The federal education ministry of Social Democrat (SPÖ) Claudia Schmied announced today (Tues) the language may become the 14th foreign language learners in the country can pick at their final exams. Turkish has been taught as an optional subject in many secondary modern schools which have focused on languages for some time, but can currently not be chosen as a final exam subject.
The education ministry’s announcement comes on the back of news that Graz University plans to introduce Turkish as a subject for teachers-to-be. Other universities are expected to follow the example, while the ministry stressed it saw no deadline or timeframe for improving the status of Turkish among school subjects by allowing students to opt for it at the so-called Matura exams.
The Greens called the developments "reasonable and overdue", while the Freedom Party (FPÖ) warned that such a reform would "create parallel societies" among people living in Austria. The right-wing party – which looks back on a series of strong election performances – has been campaigning against "immigrants who are unwilling to integrate" for years.
FPÖ boss Heinz-Christian Strache recently made headlines by travelling to Israel. Political analysts see tendencies of the FPÖ and other right-wing parties across Europe to win the support of members of Jewish communities – and attack allegedly radical Muslims at the same time.
The Austrian Greens claimed raising the importance of Turkish in Austrian schools by making the language a possible Matura exam subject would give young immigrants the chance to act as "bridge-builders" between Austria and Turkey. The opposition party argued it was about time that Turkish follows the native languages of other main groups of immigrants like Serbian and Bosnian. According to education experts English, French and Spanish are nevertheless expected to remain the most popular foreign languages for final exams.
The issue is set to become another aspect in an ongoing argument among political leaders in Austria about whom to blame for the rise of the FPÖ after its near demise in 2005. The two government coalition parties – the SPÖ and the People’s Party – have been criticised by its supporters for failing to make their points of view on immigration issues clear while the FPÖ succeeded in linking foreigners with soaring crime figures.
Around 10 per cent of the Austrian populace are foreigners. Germans are the largest group with around 213,000 members ahead of people from Serbia, Kosovo and Montenegro (207,000) and Turks (183,000).
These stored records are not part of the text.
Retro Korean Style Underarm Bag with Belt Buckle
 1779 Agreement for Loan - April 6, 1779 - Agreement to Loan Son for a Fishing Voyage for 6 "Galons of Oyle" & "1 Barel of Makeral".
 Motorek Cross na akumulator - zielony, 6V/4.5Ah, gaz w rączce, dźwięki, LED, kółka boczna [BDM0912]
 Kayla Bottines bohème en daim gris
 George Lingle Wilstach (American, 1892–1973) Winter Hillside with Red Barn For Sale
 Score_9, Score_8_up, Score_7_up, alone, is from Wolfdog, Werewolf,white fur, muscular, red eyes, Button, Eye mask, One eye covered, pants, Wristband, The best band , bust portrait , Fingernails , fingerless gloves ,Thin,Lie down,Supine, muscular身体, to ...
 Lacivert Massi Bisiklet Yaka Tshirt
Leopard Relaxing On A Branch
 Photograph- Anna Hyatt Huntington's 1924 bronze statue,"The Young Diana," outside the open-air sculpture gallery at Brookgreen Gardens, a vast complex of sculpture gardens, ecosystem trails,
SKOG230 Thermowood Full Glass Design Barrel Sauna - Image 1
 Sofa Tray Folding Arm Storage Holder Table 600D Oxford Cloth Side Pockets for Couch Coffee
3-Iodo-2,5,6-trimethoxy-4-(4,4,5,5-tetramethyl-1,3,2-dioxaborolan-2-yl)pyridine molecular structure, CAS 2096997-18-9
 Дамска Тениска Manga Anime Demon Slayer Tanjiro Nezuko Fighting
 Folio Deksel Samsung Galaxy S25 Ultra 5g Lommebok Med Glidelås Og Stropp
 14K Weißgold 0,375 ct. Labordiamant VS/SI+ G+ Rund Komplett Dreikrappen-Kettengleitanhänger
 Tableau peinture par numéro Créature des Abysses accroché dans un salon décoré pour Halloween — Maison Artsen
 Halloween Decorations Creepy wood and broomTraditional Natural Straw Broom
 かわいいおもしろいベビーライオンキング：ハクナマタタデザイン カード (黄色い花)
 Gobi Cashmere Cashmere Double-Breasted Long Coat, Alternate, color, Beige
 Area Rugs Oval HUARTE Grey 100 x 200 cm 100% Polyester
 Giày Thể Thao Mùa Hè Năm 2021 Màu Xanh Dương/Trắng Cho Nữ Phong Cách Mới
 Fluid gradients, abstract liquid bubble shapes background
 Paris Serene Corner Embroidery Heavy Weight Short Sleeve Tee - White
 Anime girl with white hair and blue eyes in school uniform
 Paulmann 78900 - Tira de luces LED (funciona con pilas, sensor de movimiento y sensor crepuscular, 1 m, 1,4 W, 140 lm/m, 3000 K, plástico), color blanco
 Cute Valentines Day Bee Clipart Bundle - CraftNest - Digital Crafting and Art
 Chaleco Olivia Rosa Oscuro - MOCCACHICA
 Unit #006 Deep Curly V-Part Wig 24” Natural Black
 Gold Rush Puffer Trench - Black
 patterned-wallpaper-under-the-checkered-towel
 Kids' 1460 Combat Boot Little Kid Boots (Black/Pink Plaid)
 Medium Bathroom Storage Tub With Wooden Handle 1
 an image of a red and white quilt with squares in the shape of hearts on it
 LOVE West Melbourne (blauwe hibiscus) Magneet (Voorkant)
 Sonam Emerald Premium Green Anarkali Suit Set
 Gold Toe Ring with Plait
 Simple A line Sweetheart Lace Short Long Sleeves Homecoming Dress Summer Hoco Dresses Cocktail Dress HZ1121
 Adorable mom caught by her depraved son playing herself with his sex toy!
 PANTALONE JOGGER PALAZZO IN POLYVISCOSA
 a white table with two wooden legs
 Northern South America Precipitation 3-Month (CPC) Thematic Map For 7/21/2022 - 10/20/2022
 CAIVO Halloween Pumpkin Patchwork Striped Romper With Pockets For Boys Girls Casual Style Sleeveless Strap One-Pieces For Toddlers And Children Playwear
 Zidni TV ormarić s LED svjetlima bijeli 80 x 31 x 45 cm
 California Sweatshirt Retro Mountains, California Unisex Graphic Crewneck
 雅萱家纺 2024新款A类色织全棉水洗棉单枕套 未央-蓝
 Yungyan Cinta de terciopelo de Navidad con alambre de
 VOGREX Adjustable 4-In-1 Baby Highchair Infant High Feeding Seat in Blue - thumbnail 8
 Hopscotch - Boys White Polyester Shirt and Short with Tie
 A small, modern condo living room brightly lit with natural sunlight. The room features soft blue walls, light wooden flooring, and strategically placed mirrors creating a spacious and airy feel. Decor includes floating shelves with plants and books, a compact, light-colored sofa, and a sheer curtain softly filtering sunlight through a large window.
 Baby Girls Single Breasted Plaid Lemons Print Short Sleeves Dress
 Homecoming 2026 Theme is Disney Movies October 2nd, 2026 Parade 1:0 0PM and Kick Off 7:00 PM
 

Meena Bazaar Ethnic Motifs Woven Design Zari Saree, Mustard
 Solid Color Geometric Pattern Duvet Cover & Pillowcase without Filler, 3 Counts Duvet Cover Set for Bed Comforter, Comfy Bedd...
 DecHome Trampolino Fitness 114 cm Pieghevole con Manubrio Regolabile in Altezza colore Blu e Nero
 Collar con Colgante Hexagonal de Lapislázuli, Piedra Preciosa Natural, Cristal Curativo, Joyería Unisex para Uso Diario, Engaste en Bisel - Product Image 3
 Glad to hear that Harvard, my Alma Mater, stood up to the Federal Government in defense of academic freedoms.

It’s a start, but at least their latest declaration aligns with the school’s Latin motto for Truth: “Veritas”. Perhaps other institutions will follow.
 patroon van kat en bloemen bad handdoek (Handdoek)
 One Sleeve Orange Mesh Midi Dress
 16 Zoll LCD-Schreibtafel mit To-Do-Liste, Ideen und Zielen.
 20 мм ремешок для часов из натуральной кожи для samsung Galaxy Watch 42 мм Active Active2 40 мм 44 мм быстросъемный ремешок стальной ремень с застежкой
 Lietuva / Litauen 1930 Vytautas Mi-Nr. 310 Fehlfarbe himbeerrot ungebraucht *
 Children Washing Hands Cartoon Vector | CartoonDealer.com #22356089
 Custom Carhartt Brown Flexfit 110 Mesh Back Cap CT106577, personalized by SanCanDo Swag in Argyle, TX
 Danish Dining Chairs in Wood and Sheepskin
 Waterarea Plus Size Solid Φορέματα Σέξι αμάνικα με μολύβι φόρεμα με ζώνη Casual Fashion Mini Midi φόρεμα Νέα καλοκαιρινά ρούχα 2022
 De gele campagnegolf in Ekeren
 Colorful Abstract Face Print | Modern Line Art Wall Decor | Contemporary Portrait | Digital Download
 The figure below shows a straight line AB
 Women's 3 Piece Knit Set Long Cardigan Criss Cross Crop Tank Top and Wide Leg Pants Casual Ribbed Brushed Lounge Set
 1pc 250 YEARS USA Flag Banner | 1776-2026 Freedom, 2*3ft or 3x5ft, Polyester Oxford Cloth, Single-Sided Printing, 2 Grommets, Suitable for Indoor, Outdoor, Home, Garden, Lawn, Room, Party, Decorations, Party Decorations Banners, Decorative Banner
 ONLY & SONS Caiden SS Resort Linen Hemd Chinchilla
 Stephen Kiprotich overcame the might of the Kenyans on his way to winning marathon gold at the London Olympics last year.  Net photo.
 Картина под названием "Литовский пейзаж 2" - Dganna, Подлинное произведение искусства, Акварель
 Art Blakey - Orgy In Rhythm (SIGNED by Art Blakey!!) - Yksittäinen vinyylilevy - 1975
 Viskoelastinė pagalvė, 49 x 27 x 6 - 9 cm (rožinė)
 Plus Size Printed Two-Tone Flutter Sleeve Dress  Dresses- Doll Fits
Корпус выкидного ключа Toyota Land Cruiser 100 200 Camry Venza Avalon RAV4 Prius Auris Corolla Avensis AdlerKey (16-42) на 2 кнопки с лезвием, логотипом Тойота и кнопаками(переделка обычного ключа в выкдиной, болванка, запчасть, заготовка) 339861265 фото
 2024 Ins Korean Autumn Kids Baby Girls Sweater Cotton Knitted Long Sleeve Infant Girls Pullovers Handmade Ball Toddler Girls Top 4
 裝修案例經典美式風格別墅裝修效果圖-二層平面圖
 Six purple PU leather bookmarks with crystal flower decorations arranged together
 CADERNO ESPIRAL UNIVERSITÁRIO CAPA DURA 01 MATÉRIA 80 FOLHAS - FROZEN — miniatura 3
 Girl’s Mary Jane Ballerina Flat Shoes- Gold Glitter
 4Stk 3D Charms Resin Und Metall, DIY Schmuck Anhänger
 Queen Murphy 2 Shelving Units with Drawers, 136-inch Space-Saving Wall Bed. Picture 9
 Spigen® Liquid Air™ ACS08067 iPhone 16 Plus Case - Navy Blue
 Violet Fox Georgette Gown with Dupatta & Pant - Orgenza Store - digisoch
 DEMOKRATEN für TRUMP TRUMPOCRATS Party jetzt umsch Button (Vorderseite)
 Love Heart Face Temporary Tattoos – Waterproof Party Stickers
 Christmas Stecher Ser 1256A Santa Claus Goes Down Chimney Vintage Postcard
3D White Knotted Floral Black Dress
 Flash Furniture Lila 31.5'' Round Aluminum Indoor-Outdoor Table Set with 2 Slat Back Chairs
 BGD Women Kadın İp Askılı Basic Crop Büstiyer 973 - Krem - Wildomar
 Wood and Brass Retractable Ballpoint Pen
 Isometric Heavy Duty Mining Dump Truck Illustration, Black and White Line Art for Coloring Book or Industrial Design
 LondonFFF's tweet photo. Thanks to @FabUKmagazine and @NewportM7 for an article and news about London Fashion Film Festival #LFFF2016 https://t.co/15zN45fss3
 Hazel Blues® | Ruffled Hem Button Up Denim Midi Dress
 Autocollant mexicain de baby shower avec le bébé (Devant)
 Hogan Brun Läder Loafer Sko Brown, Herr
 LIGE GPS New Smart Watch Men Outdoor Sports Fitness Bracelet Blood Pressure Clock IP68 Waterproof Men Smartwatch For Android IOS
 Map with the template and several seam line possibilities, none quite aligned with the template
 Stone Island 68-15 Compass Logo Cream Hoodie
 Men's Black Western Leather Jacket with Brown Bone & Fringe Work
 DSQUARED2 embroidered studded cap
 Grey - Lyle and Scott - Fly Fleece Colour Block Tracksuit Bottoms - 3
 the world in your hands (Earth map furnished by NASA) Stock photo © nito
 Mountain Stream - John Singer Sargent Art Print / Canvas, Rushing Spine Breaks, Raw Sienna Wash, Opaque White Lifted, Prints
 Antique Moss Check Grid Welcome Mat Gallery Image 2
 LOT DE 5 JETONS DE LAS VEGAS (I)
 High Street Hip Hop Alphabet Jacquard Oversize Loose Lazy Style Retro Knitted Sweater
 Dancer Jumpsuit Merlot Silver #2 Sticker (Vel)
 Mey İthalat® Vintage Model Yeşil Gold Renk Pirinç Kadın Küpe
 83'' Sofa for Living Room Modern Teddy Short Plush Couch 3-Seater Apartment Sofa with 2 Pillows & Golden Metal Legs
Especially Vienna has developed into a melting pot of ethnic groups, according to some commentators and sociologists. Around 44 per cent of all people living in the capital have a migration background, meaning that they were born abroad or in Austria but to migrating families. While the Viennese FPÖ’s controversial policies helped the party to increase its share in the city election last October by nearly 11 per cent to 26 per cent, Vienna’s SPÖ-Greens coalition has launched various initiatives to improve the understanding between Austrians and members of different ethnic minorities.